Akaysha Palmer, 17, Wakefield, Bronx

Photograph: Delia Barth

Akasha Palmer, a student at Cathedral High School who has become a vocal youth advocate for gun control this year. She’s a member of Teens Take the City, an organization run through the YMCA that pushes for policy changes on the local level. That program led to her meeting Mayor Bill de Blasio and First Lady Chirlane McCray at a town hall meeting on gun violence. She’s also become an advocate for the city’s homeless population, and has become involved with the New York Common Pantry. She’s not even 18, and she’s sparked more change in the city than many jaded millennials ever will.

“A lot of teens like myself are, I guess you would say, ‘woke’ when it comes to what’s going on,” Palmer says. “I feel like my generation has an advantage because of technology. We know how to obtain knowledge quicker, and we know how to voice our opinions on social media.”

Palmer wants to be a lawyer when she’s older—one that advocates for social justice reform. With an already impressive resume, she’s off to a good start.

Dorian Nowell, 14, Financial District, Manhattan

Photograph: Delia Barth

Dorian Nowell lives in Lower Manhattan and is a student at Paramus Catholic High School. The shooting at Marjory Stoneman Douglas hit close to home—one of his friends is a survivor of the shooting there.

“I don’t think it’s normal for students to have to be constantly aware of a school shooting,” he says.

Nowell is a quarterback on the football team at Paramus, and hopes to one day secure an athletic scholarship. He’s also an active volunteer—he’s taken part in clothing and food drives through his school. He is keenly aware of the biases that still exist throughout the country, and in his home base of New York and New Jersey, and understands the change that his generation is poised to effect when it comes to the issues he cares about.

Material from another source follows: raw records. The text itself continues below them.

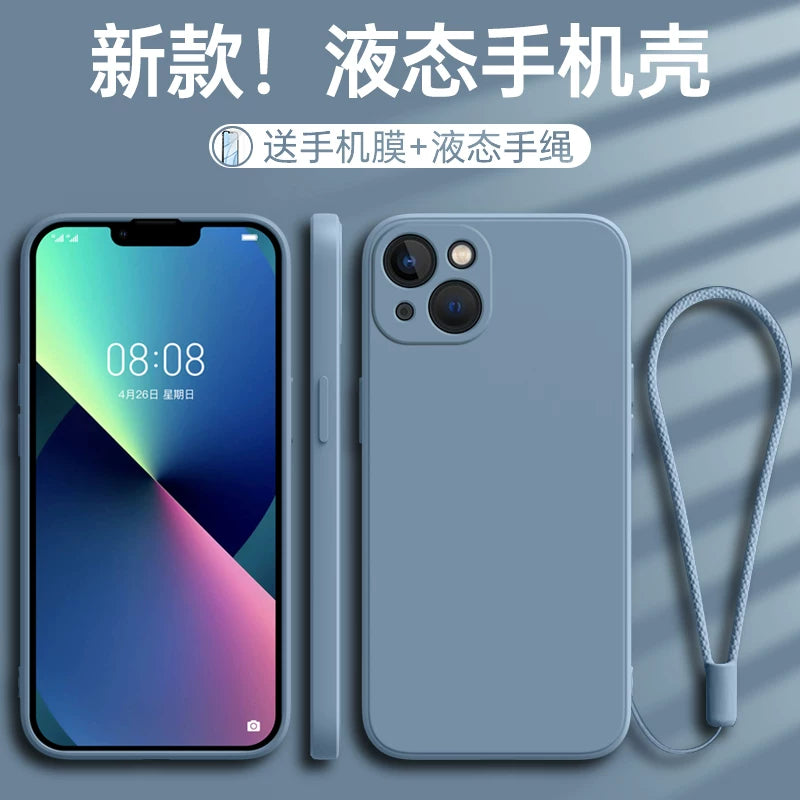 Bu maye silikon korpus yeni iPhone 13 üçün uyğundur və düşmələrə qarşı tam örtük təmin edir. Kişilər və qadınlar üçün nəzərdə tutulub, kəmərlə təchiz olunub və bərkidilmiş şüşə ekran qoruyucusuna malikdir.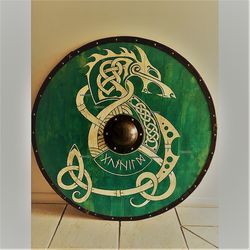 medieval viking shield, shield viking wall art gift for him/ her vikings shield, wooden viking round shield, gift him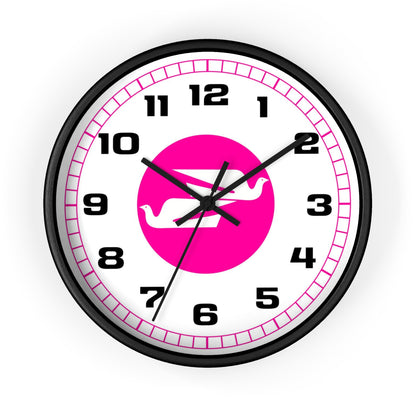 Wall Clock Braniff Boeing 727 Bulkhead with Bluebird of Happiness Pink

“Generation Z is ambitious, curious and doesn’t take no for an answer,” he says.

But Nowell, at 14, is still very much a kid. And like most kids, he’s constantly looking for ways to escape the noise online and in the news, and take a moment.

“I use Citi Bikes and take rides along the water in Financial District to get the stress off my mind,” he says. “At the end of the day, I'm a New Yorker. New York City kids are much more mature, and experience so much more than kids living in a suburban area. I know how to get away from it all while still being surrounded by millions of people.”

Nowell makes an interesting point: the teens that are currently coming of age in Gotham are uniquely equipped to handle the pressures of the world. How this new generation leverages that ability to create positive change remains to be seen. But as far as these four teens are concerned, Generation Z is going to be a force to be reckoned, and this year’s wave of activism is only the beginning.